In the entries that follow, find the word "Open" and report each line it is on.

───

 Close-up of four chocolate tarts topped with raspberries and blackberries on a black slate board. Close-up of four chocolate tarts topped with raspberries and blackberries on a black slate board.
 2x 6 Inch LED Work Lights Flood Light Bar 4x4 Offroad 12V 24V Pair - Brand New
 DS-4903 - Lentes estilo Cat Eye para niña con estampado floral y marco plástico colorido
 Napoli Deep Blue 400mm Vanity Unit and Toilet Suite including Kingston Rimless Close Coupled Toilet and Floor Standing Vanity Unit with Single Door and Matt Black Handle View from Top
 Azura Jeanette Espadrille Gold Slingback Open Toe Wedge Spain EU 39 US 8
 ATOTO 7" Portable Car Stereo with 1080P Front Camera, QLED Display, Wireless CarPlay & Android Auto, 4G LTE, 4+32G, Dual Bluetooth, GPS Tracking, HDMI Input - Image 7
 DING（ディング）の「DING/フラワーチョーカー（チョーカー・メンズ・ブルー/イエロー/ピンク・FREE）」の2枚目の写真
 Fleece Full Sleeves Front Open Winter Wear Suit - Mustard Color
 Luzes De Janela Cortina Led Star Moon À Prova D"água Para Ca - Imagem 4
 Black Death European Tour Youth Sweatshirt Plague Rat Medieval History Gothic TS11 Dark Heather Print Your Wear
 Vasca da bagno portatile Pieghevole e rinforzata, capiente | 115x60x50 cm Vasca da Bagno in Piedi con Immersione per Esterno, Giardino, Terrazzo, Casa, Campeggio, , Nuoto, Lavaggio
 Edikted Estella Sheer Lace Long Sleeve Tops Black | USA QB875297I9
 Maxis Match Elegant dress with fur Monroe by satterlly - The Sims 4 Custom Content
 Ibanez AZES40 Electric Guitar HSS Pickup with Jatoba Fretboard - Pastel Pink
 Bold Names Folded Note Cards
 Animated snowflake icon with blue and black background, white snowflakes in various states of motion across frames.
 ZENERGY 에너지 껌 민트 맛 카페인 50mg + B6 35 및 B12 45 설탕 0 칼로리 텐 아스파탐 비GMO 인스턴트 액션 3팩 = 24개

───

> [TASK ANSWER]:
 Azura Jeanette Espadrille Gold Slingback Open Toe Wedge Spain EU 39 US 8
 Fleece Full Sleeves Front Open Winter Wear Suit - Mustard Color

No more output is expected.